The main objective of the Performance Nutrition Unit is to improve the athlete’s performance through optimising fuelling, hydration and supplementation practices.

What is Performance Nutrition?

Performance nutrition is the use of dietary interventions to impact and improve athletic performance and training ability. The strategies used are different for each athlete and are developed using a detailed knowledge of:

  • The athlete including lifestyle, learning style and willingness to change
  • The sport and event
  • The athlete’s current intake, nutrition awareness and practical skills (cooking, shopping, etc.)
  • Nutrition and performance (including biochemistry and physiology)

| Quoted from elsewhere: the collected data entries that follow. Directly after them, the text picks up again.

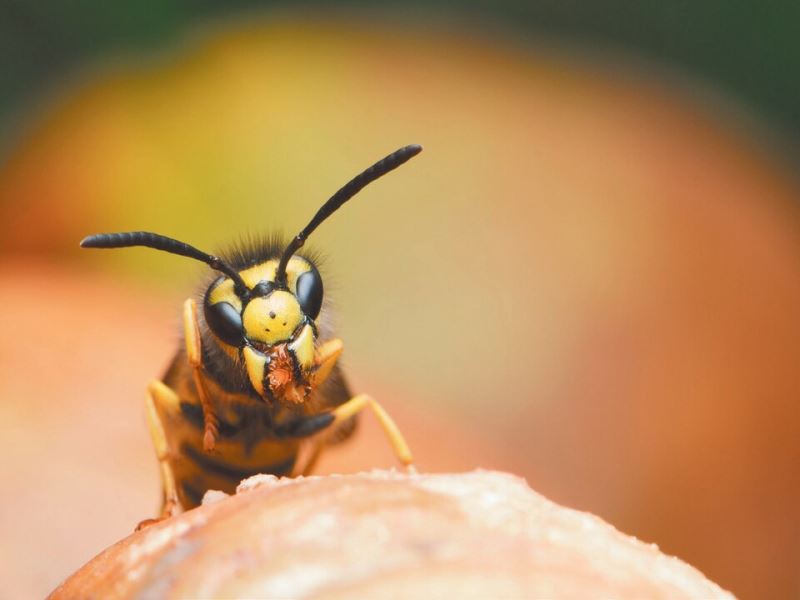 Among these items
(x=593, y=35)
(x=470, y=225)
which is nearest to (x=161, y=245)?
(x=470, y=225)

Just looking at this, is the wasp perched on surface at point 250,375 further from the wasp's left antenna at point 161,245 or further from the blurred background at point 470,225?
the blurred background at point 470,225

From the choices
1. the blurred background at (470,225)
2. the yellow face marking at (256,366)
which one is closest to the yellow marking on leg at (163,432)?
the yellow face marking at (256,366)

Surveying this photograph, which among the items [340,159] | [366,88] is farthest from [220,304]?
[366,88]

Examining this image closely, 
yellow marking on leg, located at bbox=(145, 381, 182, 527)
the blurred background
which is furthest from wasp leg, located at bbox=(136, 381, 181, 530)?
the blurred background

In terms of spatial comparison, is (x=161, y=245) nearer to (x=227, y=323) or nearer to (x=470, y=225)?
(x=227, y=323)

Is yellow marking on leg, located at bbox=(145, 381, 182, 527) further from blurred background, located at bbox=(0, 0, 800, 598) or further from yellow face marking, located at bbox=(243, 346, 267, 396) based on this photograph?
blurred background, located at bbox=(0, 0, 800, 598) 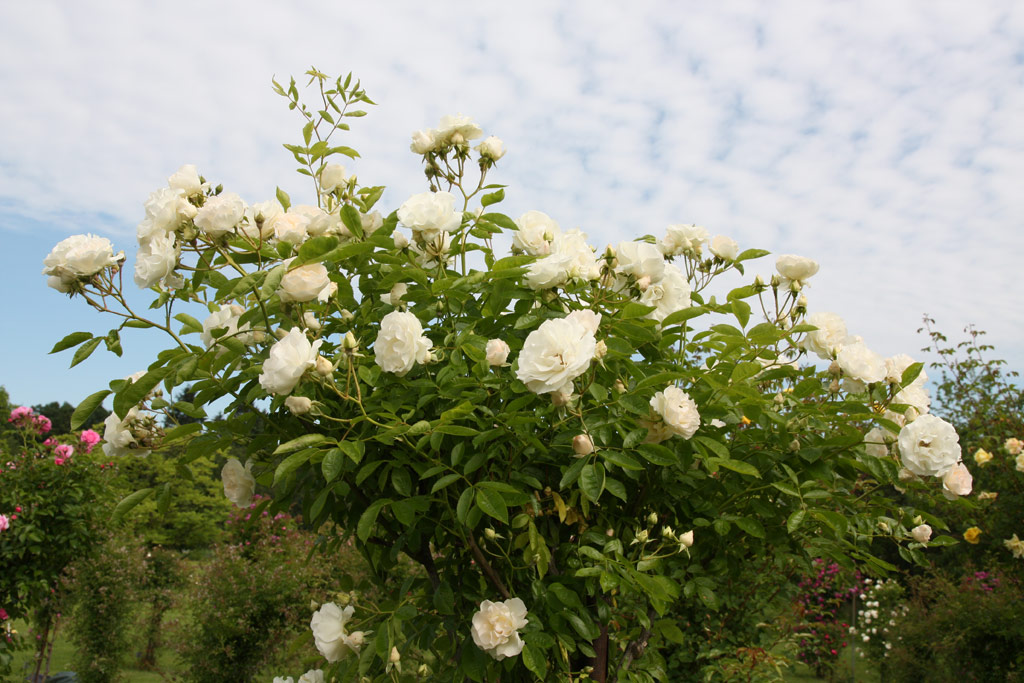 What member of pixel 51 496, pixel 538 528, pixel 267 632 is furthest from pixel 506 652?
pixel 51 496

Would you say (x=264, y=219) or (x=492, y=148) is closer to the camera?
(x=264, y=219)

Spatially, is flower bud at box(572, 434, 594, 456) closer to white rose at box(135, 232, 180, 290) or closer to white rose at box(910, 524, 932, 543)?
white rose at box(135, 232, 180, 290)

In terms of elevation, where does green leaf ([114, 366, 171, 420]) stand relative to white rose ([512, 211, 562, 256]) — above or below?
below

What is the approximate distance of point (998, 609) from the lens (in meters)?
5.40

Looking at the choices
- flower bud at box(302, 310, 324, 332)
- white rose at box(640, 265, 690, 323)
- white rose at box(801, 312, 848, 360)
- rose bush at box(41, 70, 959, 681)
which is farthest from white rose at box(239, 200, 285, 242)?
white rose at box(801, 312, 848, 360)

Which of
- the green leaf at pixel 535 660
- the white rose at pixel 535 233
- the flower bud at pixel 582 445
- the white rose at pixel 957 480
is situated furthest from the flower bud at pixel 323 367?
the white rose at pixel 957 480

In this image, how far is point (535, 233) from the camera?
5.84ft

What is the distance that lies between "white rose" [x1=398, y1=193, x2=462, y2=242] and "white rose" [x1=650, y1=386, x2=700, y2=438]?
63 cm

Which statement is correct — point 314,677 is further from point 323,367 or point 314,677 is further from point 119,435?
point 323,367

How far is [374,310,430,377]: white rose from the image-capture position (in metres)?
1.43

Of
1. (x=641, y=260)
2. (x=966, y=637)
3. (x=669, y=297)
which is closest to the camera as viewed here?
(x=641, y=260)

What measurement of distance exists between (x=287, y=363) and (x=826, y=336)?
1421 millimetres

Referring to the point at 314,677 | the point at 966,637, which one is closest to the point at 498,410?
the point at 314,677

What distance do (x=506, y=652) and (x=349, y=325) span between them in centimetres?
85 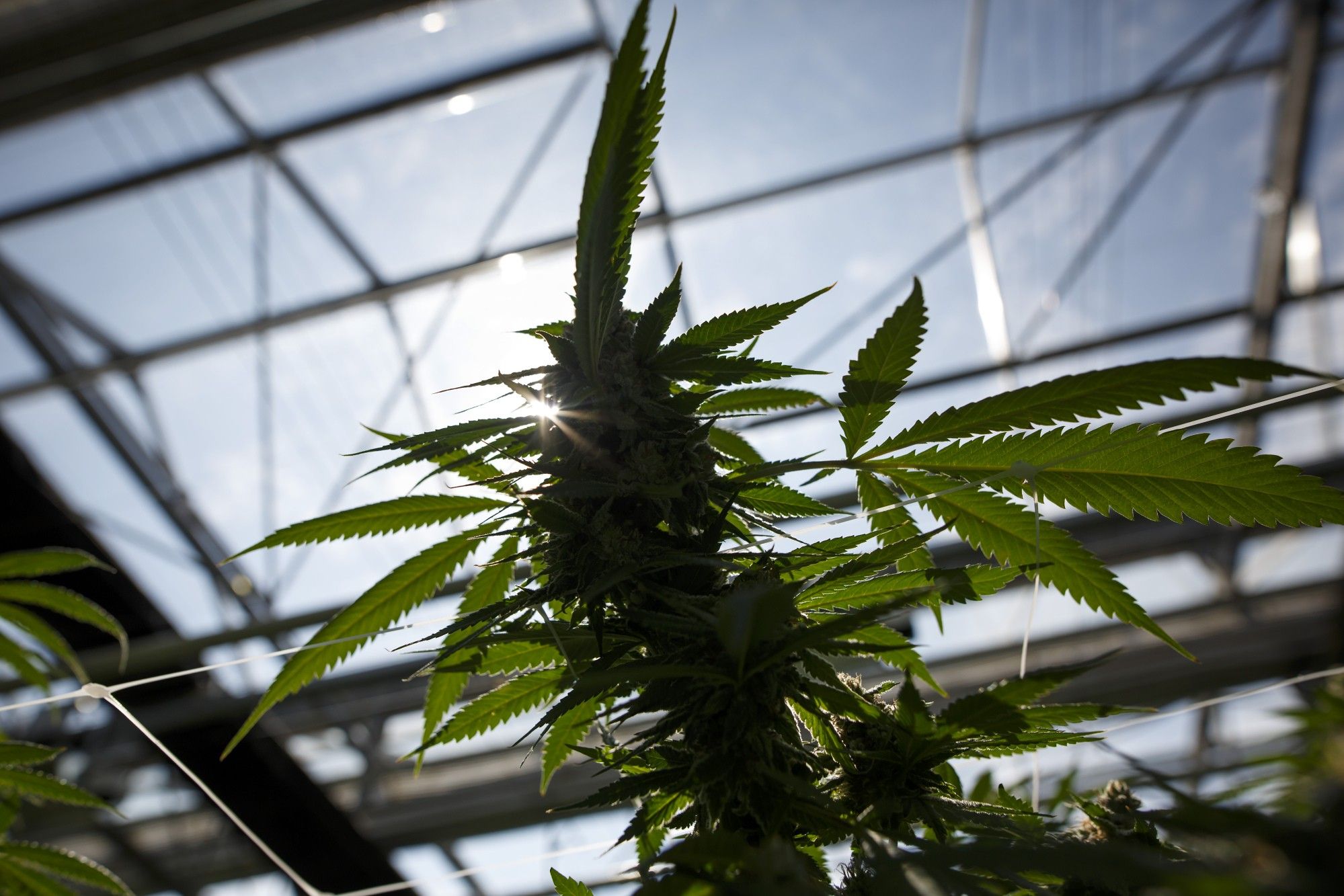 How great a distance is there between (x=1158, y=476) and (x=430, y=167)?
459 centimetres

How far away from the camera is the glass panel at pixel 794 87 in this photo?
439 cm

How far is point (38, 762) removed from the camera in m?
0.96

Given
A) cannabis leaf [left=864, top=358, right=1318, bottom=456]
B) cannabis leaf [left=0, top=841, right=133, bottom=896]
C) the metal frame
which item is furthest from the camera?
the metal frame

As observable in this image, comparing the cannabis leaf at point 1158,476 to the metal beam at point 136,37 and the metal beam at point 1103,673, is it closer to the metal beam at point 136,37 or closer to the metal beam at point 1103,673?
the metal beam at point 136,37

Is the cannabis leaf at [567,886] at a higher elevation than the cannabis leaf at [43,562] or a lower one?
lower

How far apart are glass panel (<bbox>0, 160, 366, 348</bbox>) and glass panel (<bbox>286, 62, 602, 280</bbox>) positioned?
22cm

A large part of the nutritionist’s role is to translate evidence based scientific guidelines relating to nutrition and sports performance into practical everyday advice on eating that is specifically tailored to the individual athlete. The performance nutritionists also work closely with performance science, performance medicine, strength and conditioning, psychology and physiotherapy to ensure interventions impact to athletes’ strengths and weaknesses.

The Sports Institute provides a range of nutrition services to enhance performance during both training and competition phases. Common interventions include:

  • Dietary assessment:  Assessing the athlete’s nutritional intake against their training and competition requirements and modifies their diet to meet these demands.
  • Assessment and monitoring:  On-going assessment of body composition, blood biochemistry and overall health to identify areas needing improvement and assessment of impact.
  • Travel advice:  For the vast majority of athletes in the Sports Institute, foreign travel is common. The nutritionists provide valuable advice for preparing for travel as well as coping when abroad e.g. food hygiene, food choices and food safety.
  • Practical skills education: Practical skills workshops are an important component of performance nutrition and these are used to improve the athlete’s knowledge of specific nutrition areas e.g. hydration, recovery, supplements and develops their skills in cooking and shopping.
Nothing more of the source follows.